Urban area in Rewa Province, Fiji

Lami (/fj/) is an urban area in Rewa Province, Fiji, north-west of the capital Suva. It was formally incorporated as a town in 1977, and had a population of 20,529 at the most recent census in 2007. The municipal boundaries enclose an area of 683 square kilometers.

The original itaukei inhabitants of Suva were forced to move to Suvavou ("New Suva") by the British colonial powers in 1882 to make room for the new capital of Suva.

Located on the outskirts of Lami is the Bilo Battery, which was a key defense fortification built during World War II to help guard the main passage in the reef leading into Suva.

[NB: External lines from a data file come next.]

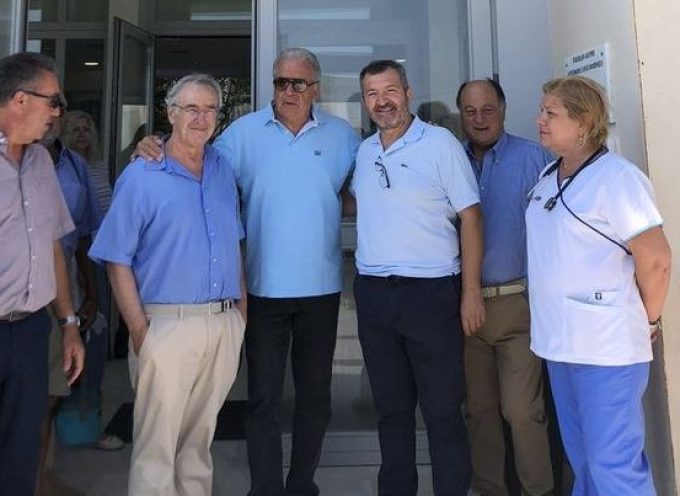 Ο τ.Υπουργός κος Αβραμόπουλος επισκέφθηκε το Νοσοκομείο Σαντορίνης σήμερα το πρωί.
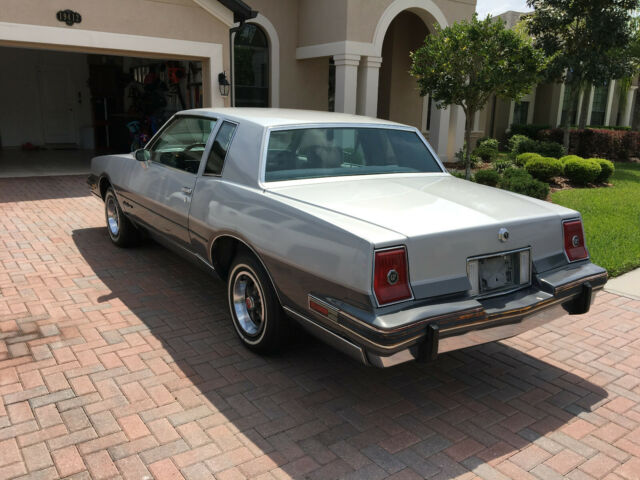 1985 Pontiac Grand Prix LE - photo 3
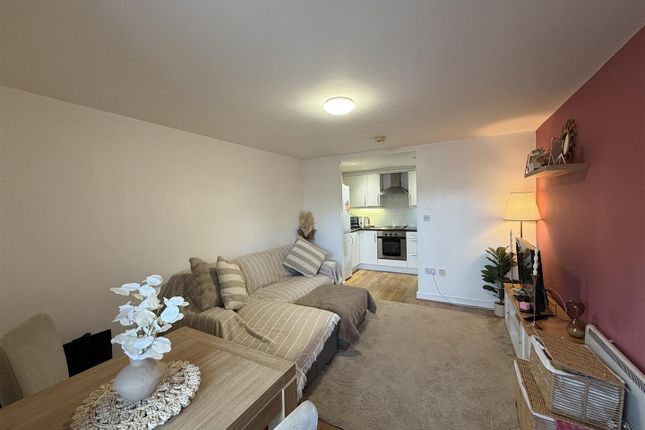 Apartment 18, 7, Waterloo Road, Stalybridge photo 2
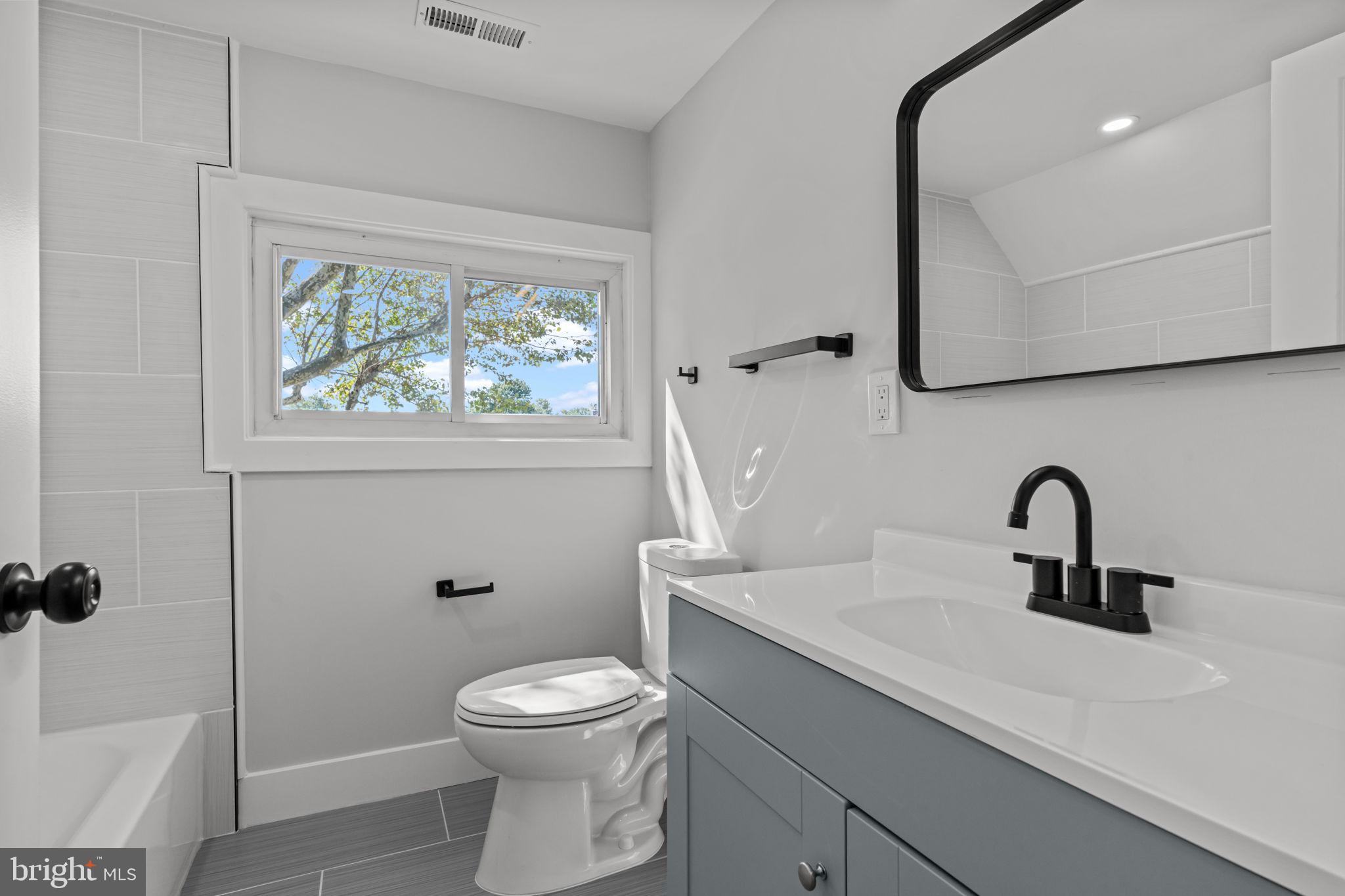 RED CEDAR HILL - Residential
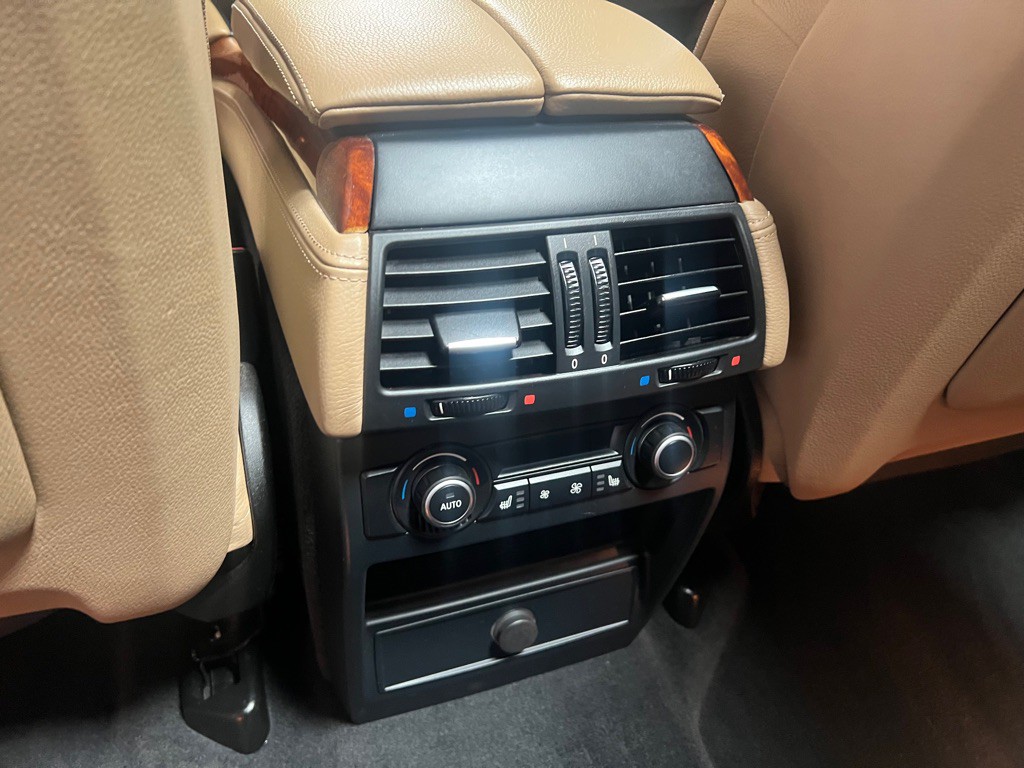 2010 BMW X5 Image 35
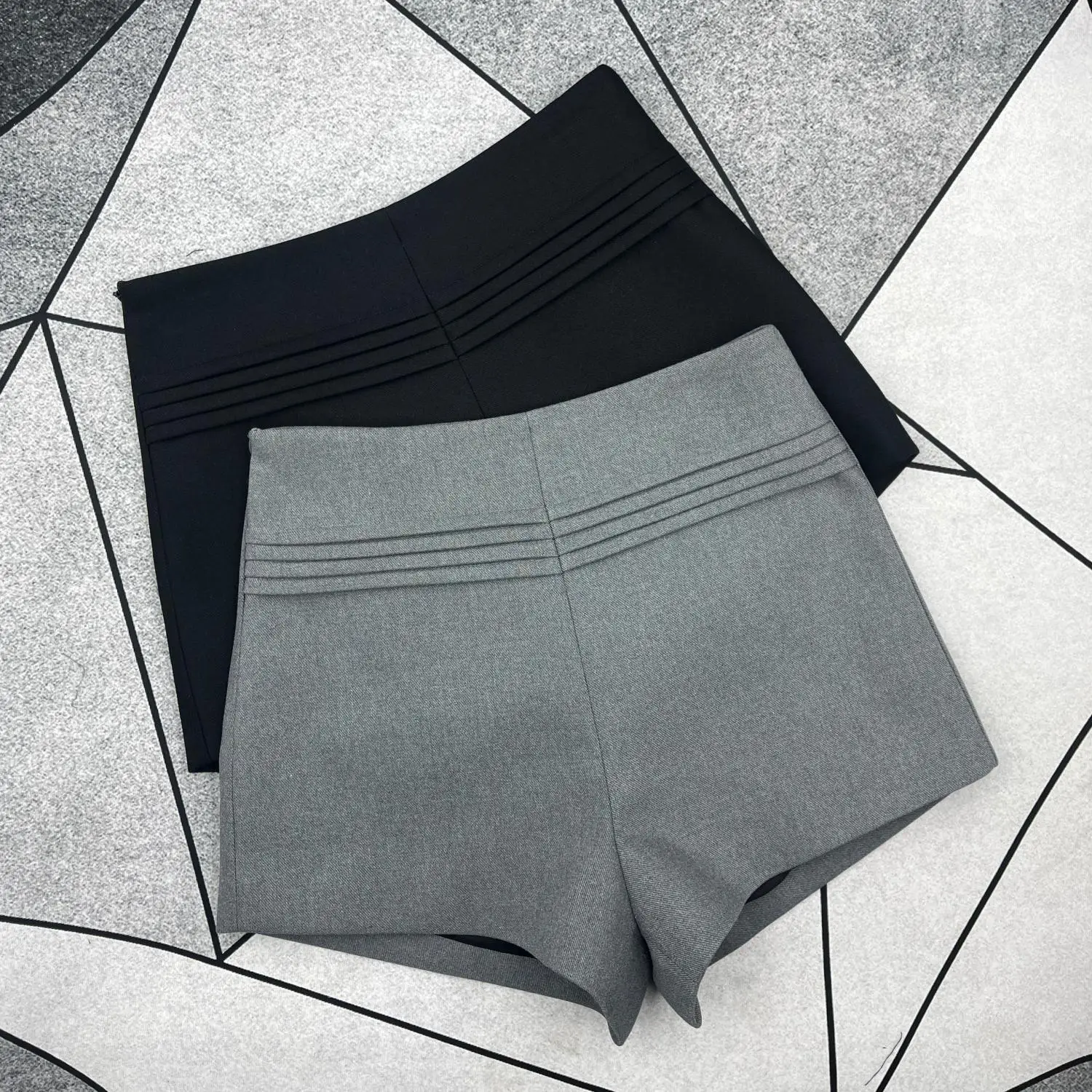 

Wedbleser 2025 Women New Original Explosive Small Fragrant Shorts High Grade Grey Suit High Waist Outfit Look Thin Shorts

Lami is governed by a town council of 12 members, elected for three-year terms, who elect a mayor from among themselves. The mayor's term is one year, but may be extended indefinitely. In the last municipal election, held on 22 October 2005, the Soqosoqo Duavata ni Lewenivanua (SDL) won 11 of the 12 seats, ending 20 years of rule by the Ratepayers Association. The new council chose Tevita Vuatalevu as its mayor.

Following the military coup of 2006, the dictatorial regime dismissed all local government authorities. Marica Rokovada-Hallacy was appointed Administrator of Lami, as well as the nearby capital city of Suva. In 2010, she was replaced in both capacities by Chandu Umaria, a former Mayor of Suva.

==Biology==
Cosmophasis lami's common name is Lami Beach Northern Jumping Spider.